Tolga Ozyurtcu, Ph.D. is a Assistant Professor of Instruction in the Department of Kinesiology and Health Education at the University of Texas at Austin. He recently shared his thoughts on his article, “‘Living the Dream’: Southern California and Origins of Lifestyle Sport“ from an issue of the Journal of Sport History.
I was recently approached by a student to be the faculty advisor of a skateboarding club at the University of Texas at Austin. I must say that my initial reaction was one of self-interested image preservation: surely an involvement with skateboarding means that I am still young and hip, right? Our conversation touched on the issue recruiting members, a challenge that I see as two-fold. First, skateboarders are notoriously resistant to things like meetings and organization; we’d rather be out skating. Second, skaters can no longer rely on the traditional signifiers to identify each other. When I was a student (not that long ago!), the right pair of sneakers or a t-shirt was all that was needed to identify a fellow member of the subcultural cohort. Today, thanks to a variety of commercial forces—not to mention the influence of celebrities such as Rihanna, Justin Bieber, and the Kardashians—formerly niche brands like Vans Shoes and Thrasher magazine are ubiquitous staples of fashion-conscious youth, whether or not they’ve ever set foot on a board.
This notion of identification runs deep in the scholarly work on subcultural and lifestyle sports, participation in which is traditionally accompanied by an immersive notion of carefully constructed identity. We don’t say that we “play” surfing or snowboarding, we are simply surfers or boarders. In ‘Living the Dream,’ my hope was to extend this notion of identity beyond the individual, to the geographic. How do certain practices become associated with certain places, to the point of evoking that place, no matter where they are performed? Thus, the article began with an assumption that I don’t believe is particularly controversial: that in the popular imagination, lifestyle sports are by and large distinctly Californian. But how did they “become” Californian?

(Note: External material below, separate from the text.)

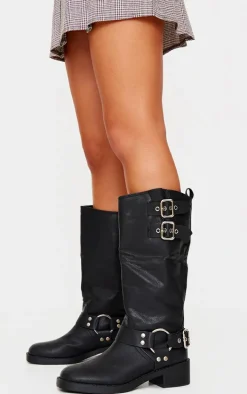 Black PU Round Toe Double Buckle Knee High Boots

Of course, there are certainly structural reasons as to why sports like surfing and skateboarding blossomed in Southern California, but my hope was to go into a more ambiguous and holistic territory. The article explores sociocultural antecedents to the modern lifestyle sports, from early health-centered boosterism in Los Angeles to the embrace of rigorous physical activity in the public school system and parks. By layering these factors, I hope that I have presented a reasonable argument as to how Southern Californians were positioned to develop and sustain the modern lifestyle sports, as well as how these sports fit into a global imaginary about the people and practices of the Golden State.